■ Problem details
Drop the pictures, then extract the listing word for word.

______________________________

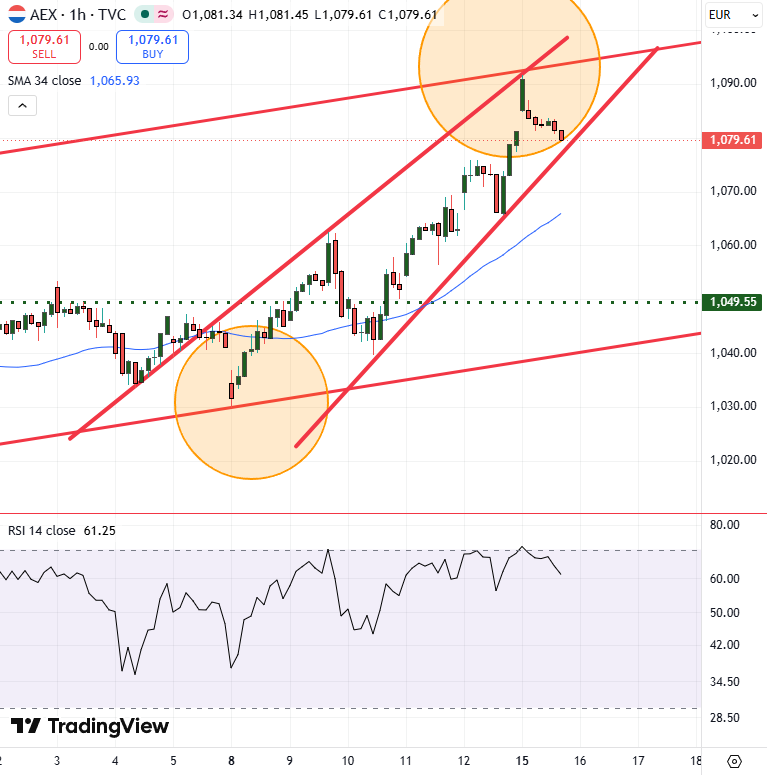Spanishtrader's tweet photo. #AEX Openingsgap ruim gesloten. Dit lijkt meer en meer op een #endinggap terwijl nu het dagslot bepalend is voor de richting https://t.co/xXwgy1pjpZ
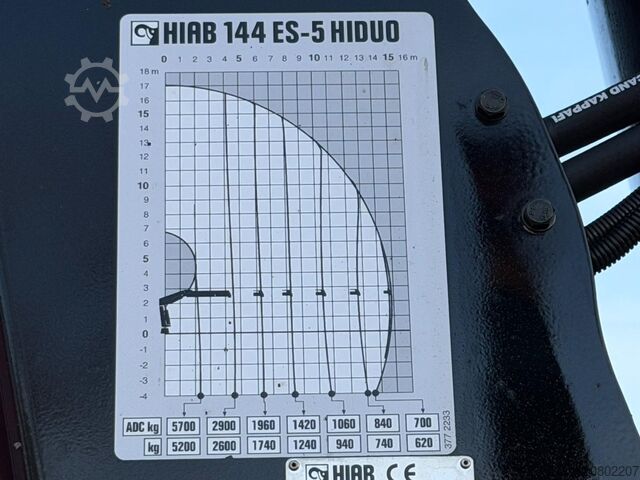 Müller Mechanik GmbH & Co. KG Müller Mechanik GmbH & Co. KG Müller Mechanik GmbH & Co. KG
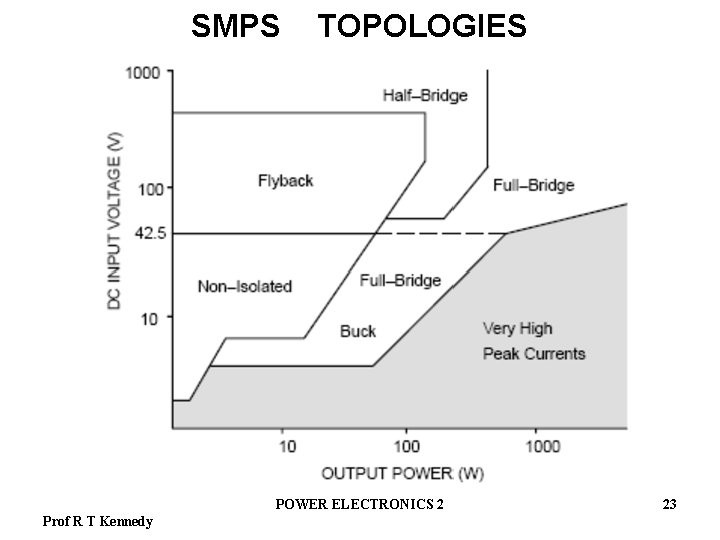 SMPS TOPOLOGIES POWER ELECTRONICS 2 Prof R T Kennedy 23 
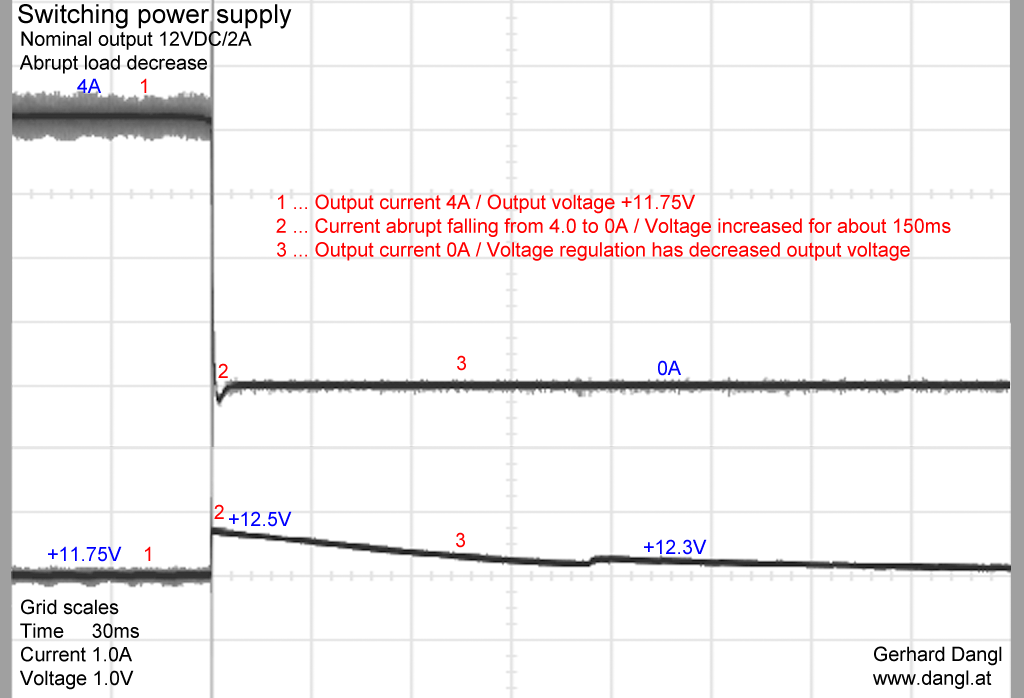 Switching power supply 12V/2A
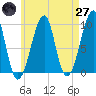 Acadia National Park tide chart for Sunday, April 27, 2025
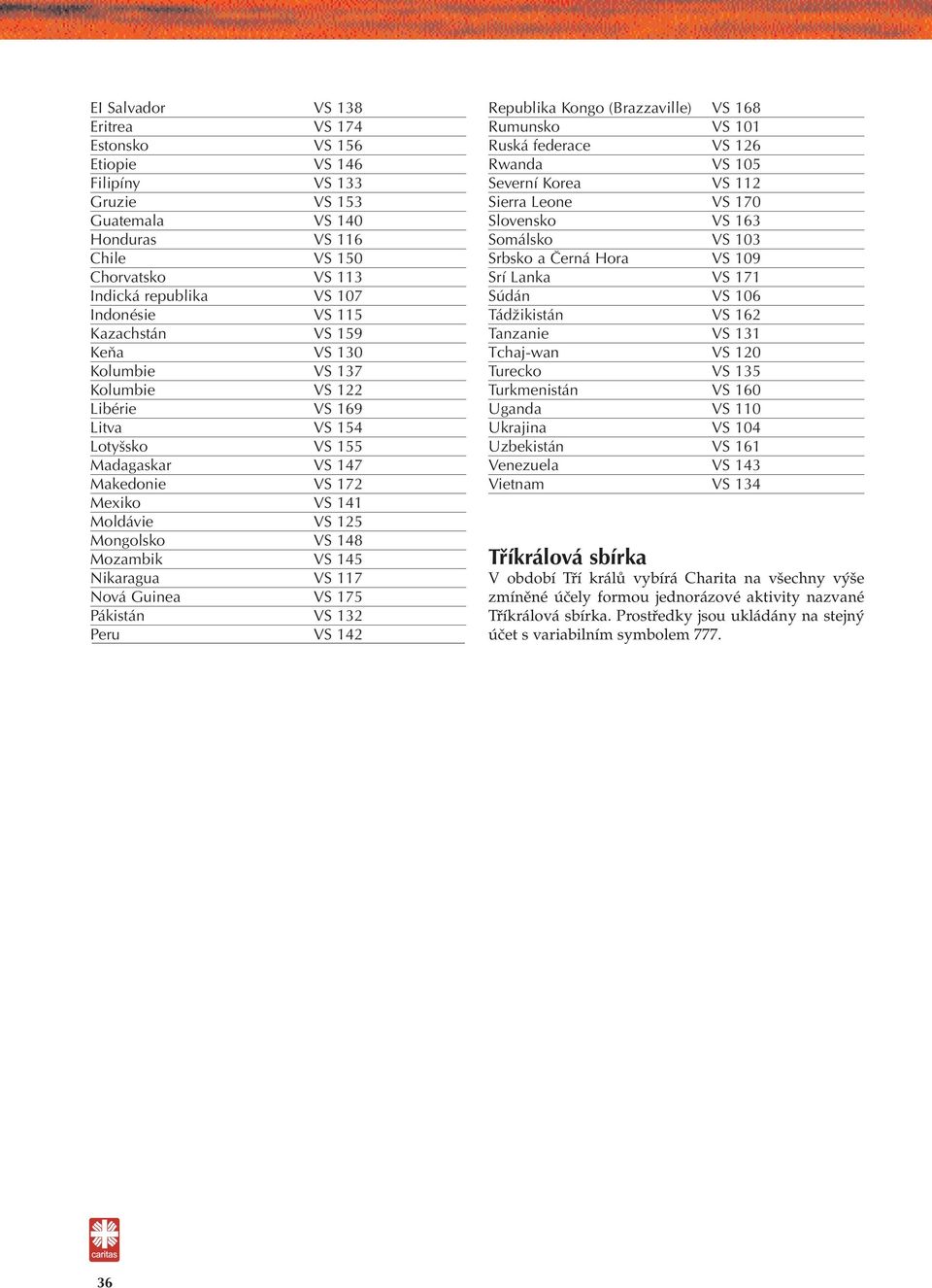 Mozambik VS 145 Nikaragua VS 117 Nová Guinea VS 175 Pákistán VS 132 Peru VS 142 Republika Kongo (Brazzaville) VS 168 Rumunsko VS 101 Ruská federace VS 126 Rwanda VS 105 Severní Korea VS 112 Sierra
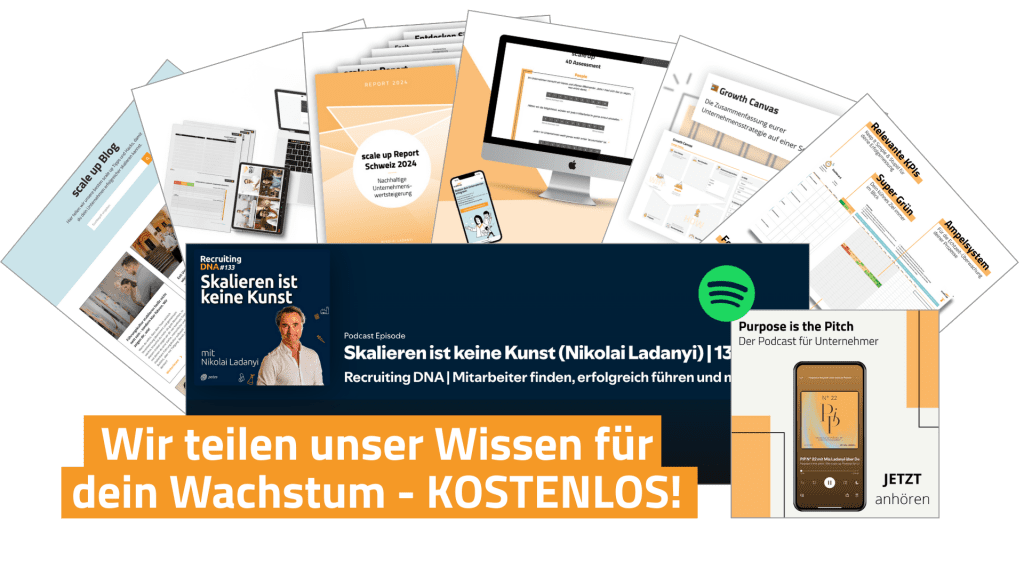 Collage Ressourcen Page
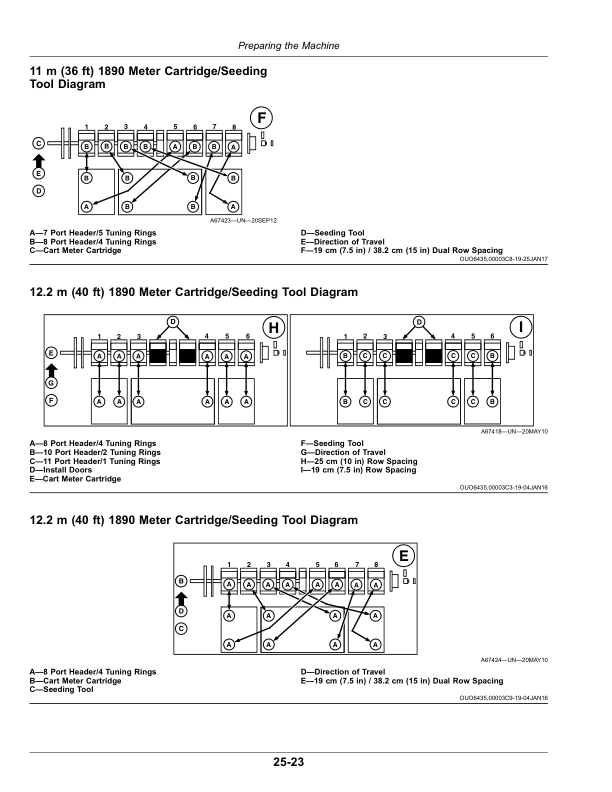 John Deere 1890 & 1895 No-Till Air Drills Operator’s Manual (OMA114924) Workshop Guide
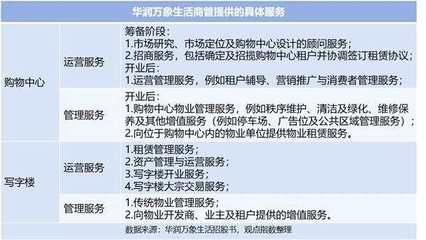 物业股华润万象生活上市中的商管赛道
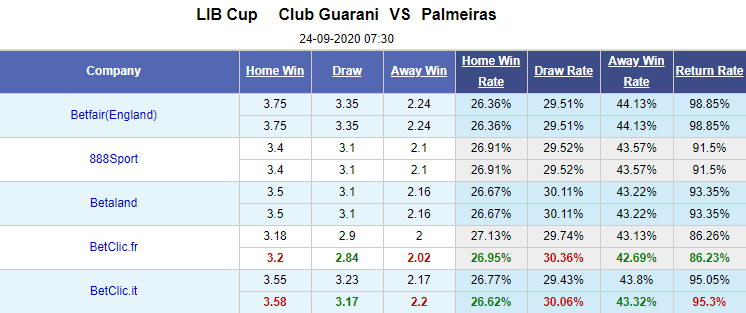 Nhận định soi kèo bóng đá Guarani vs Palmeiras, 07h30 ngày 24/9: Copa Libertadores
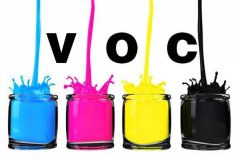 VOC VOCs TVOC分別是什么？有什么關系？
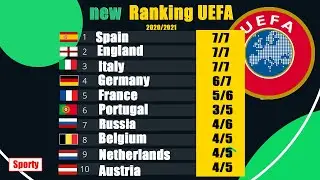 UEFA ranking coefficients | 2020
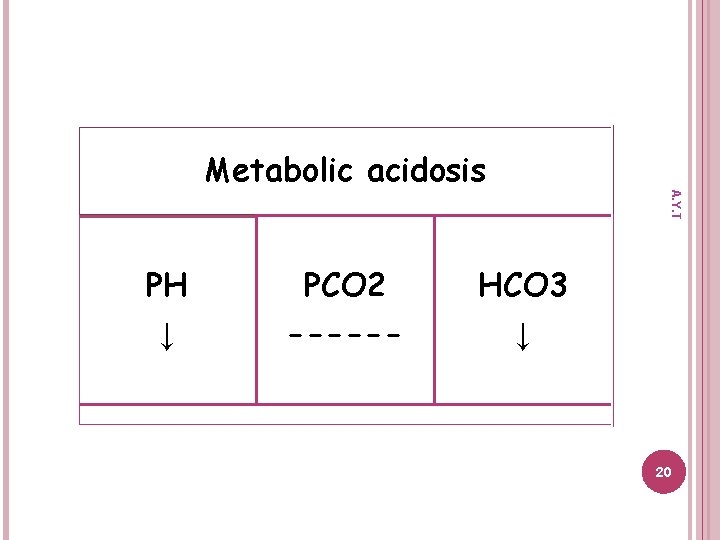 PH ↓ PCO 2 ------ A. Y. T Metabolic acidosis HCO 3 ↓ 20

______________________________

■ Finished exercise
Spanishtrader's tweet photo. #AEX Openingsgap ruim gesloten. Dit lijkt meer en meer op een #endinggap terwijl nu het dagslot bepalend is voor de richting https://t.co/xXwgy1pjpZ
 Müller Mechanik GmbH & Co. KG Müller Mechanik GmbH & Co. KG Müller Mechanik GmbH & Co. KG
 SMPS TOPOLOGIES POWER ELECTRONICS 2 Prof R T Kennedy 23 
 Switching power supply 12V/2A
 Acadia National Park tide chart for Sunday, April 27, 2025
 Mozambik VS 145 Nikaragua VS 117 Nová Guinea VS 175 Pákistán VS 132 Peru VS 142 Republika Kongo (Brazzaville) VS 168 Rumunsko VS 101 Ruská federace VS 126 Rwanda VS 105 Severní Korea VS 112 Sierra
 Collage Ressourcen Page
 John Deere 1890 & 1895 No-Till Air Drills Operator’s Manual (OMA114924) Workshop Guide
 物业股华润万象生活上市中的商管赛道
 Nhận định soi kèo bóng đá Guarani vs Palmeiras, 07h30 ngày 24/9: Copa Libertadores
 VOC VOCs TVOC分別是什么？有什么關系？
 UEFA ranking coefficients | 2020
 PH ↓ PCO 2 ------ A. Y. T Metabolic acidosis HCO 3 ↓ 20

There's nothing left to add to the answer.